The answer is 2 ( t^2+ t+1) How???
2. (Original post by APersonYo)
x= t^2 -2t

y= t^4- 4t

The answer is 2 ( t^2+ t+1) How???
What did you get when you tried it? Please post your working.
3. (Original post by notnek)
What did you get when you tried it?

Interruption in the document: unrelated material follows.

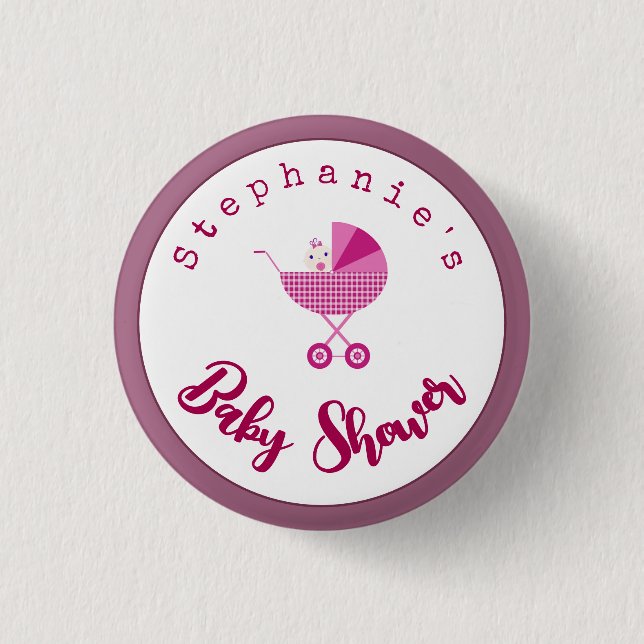 Personalisieren Sie Pink Carriage Baby Dusche Gefa Button (Vorderseite)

Please post your working.
x= t^2 -2t

dx/dt= 2t-2

therefore dt/dx= 1/ (2t-2)

y= t^4- 4t

dy/dt= 4t^3 -4

threfore dy/dx= 4t^3-4/ 2t-2

And my answer is wrong lol
4. (Original post by APersonYo)
x= t^2 -2t

dx/dt= 2t-2

therefore dt/dx= 1/ (2t-2)

y= t^4- 4t

dy/dt= 4t^3 -4

threfore dy/dx= 4t^3-4/ 2t-2

And my answer is wrong lol

Either factorise or if you can't do that then you could use long division to divide the denominator into the numerator.
5. (Original post by APersonYo)
x= t^2 -2t

dx/dt= 2t-2

therefore dt/dx= 1/ (2t-2)

y= t^4- 4t

dy/dt= 4t^3 -4

threfore dy/dx= 4t^3-4/ 2t-2

And my answer is wrong lol
not wrong, just unfinished:

4t^3-4 / 2t-2 = 4(t^3-1)/2(t-1)
= 2(t^3-1)/(t-1)
= 2(t-1)(t^2+t+1)/(t-1)
= 2(t^2+t+1)
6. (Original post by APersonYo)
x= t^2 -2t

dx/dt= 2t-2

therefore dt/dx= 1/ (2t-2)

y= t^4- 4t

dy/dt= 4t^3 -4

threfore dy/dx= 4t^3-4/ 2t-2

And my answer is wrong lol
7. (Original post by harrycompsci)
not wrong, just unfinished:

4t^3-4 / 2t-2 = 4(t^3-1)/2(t-1)
= 2(t^3-1)/(t-1)
= 2(t-1)(t^2+t+1)/(t-1)
= 2(t^2+t+1)
Thank you.

I also have another question:

x= cos t

y= t(4-sint)

I got dt/dx = 1/ -sin t

dy/dt= 4-tcos t

dy/dx= 4-tcos t / -sin t

The answer is dy/ dx= t cost t - 4 cosec t +1

How???
8. (Original post by APersonYo)
Thank you.

I also have another question:

x= cos t

y= t(4-sint)

I got dt/dx = 1/ -sin t

dy/dt= 4-tcos t

dy/dx= 4-tcos t / -sin t

The answer is dy/ dx= t cost t - 4 cosec t +1

How???
I think your dy/dt term is incorrect. try the product rule again
9. (Original post by ewanwest)
i think your dy/dt term is incorrect. Try the product rule again
thank you so much!!!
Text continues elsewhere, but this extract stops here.